20 April 2023
Singapore must halt the execution of Tangaraju Suppiah
Following Singapore's announcement of the notice of execution against Mr. Tangaraju Suppiah on Wednesday, 19 April 2023, Harm Reduction International (HRI) urges Singapore to halt the execution immediately and call on all UN agencies and the international community for urgent action.
After having executed 11 individuals for drug offences in 2022, Singapore has announced the first execution of the year. On 19 April 2023, Mr. Suppiah and his family were informed that his execution has been scheduled for Wednesday, 26 April 2023. Mr Suppiah, a Tamil-Singaporean national, was arrested on 23 January 2014 for drug consumption and failure to report for a drug test. Despite not being a native English speaker, he was interrogated without an interpreter and without any legal assistance. Following a criminal investigation, he was sentenced to a mandatory death sentence for conspiring to traffic 1,0179.9 grams of cannabis on 31 December 2018.
Increased application of execution for drug offences goes firmly against the global trend. While 2022 witnessed the consolidation of a global trend towards abolition with more countries abolished the death penalty and a historical record of 125 countries in favour of the UNGA resolution A/RES/77/222 that calls for a moratorium on the use of the death penalty; Singapore’s barbaric practice of executions contributed to a more than 100% increase in executions carried out for drug offences in 2022, as recorded by HRI’s The Death penalty for Drug Offences: Global Overview 2022.
We reiterate, once again, that drug offences do not meet the threshold of ‘most serious’ crimes to which the International Covenant on Civil and Political Rights mandates that the death penalty be restricted in retentionist countries. The death penalty for drug offences also contradicts international drug control law, as indicated by UNODC and the INCB. Further, mandatory death sentences are in contravention of the right to life and the right to a fair trial.

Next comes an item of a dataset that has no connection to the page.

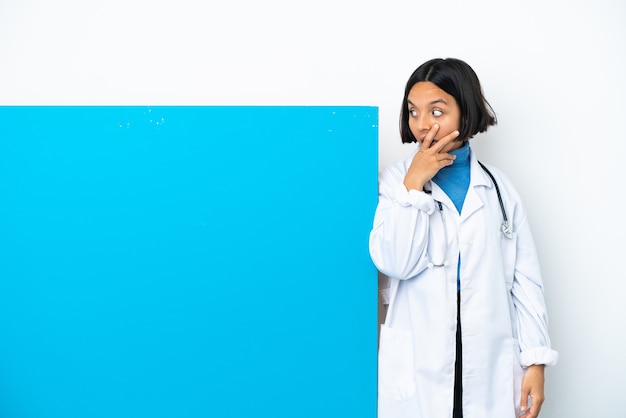 Young mixed race doctor woman with a big placard isolated on white background covering mouth and looking to the side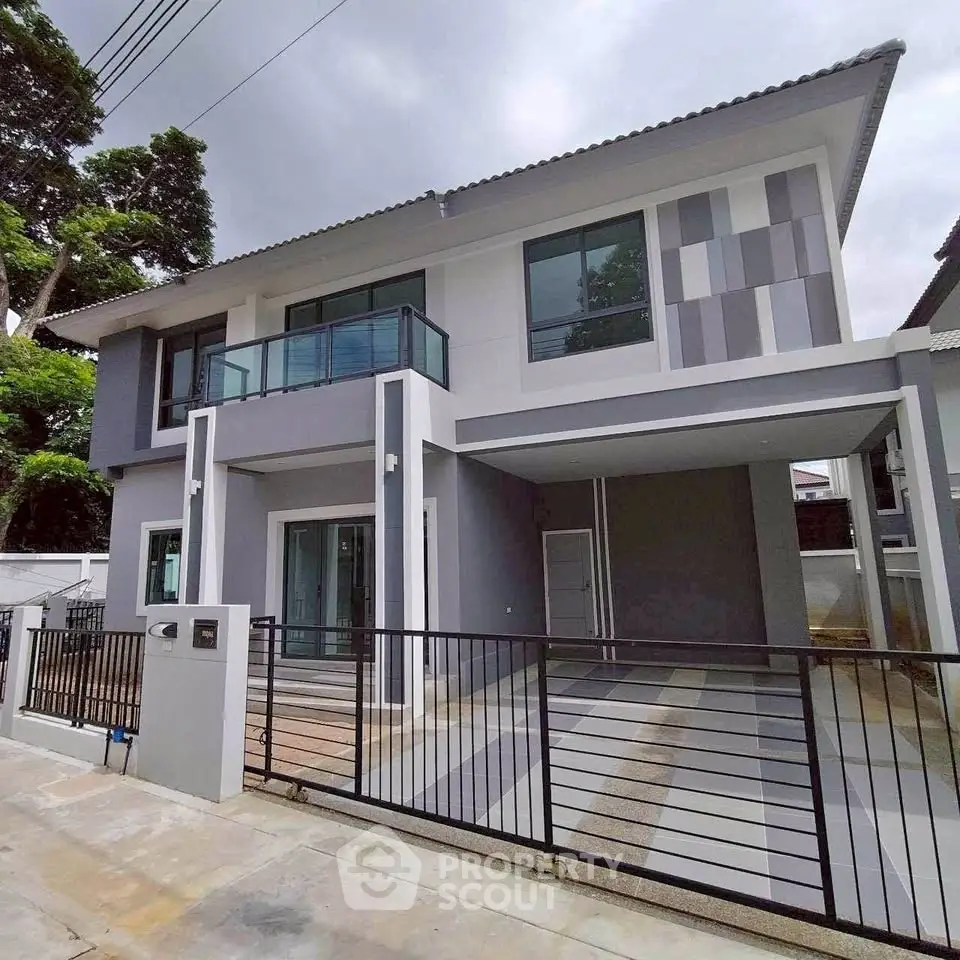 Modern two-story house with sleek design and spacious driveway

We urge Singapore to halt Mr Suppiah’s execution immediately and to impose a moratorium on all executions, including executions for drug-related offences. We respectfully seek the intervention of all UN agencies and the international community to intervene in the strongest possible terms, ensuring a coherent and unified approach of the UN in responding to matters related to the death penalty, especially when it is applied to an offence that does not fall within ‘the most serious crime’ category.
Silence in the face of such grave developments risks being misconstrued as tolerance if not complicity, and jeopardises our fragile progress towards full abolition of the death penalty. In addition, it contradicts the UN commitment to “support the development and implementation of policies that put people, health and human rights at the centre.”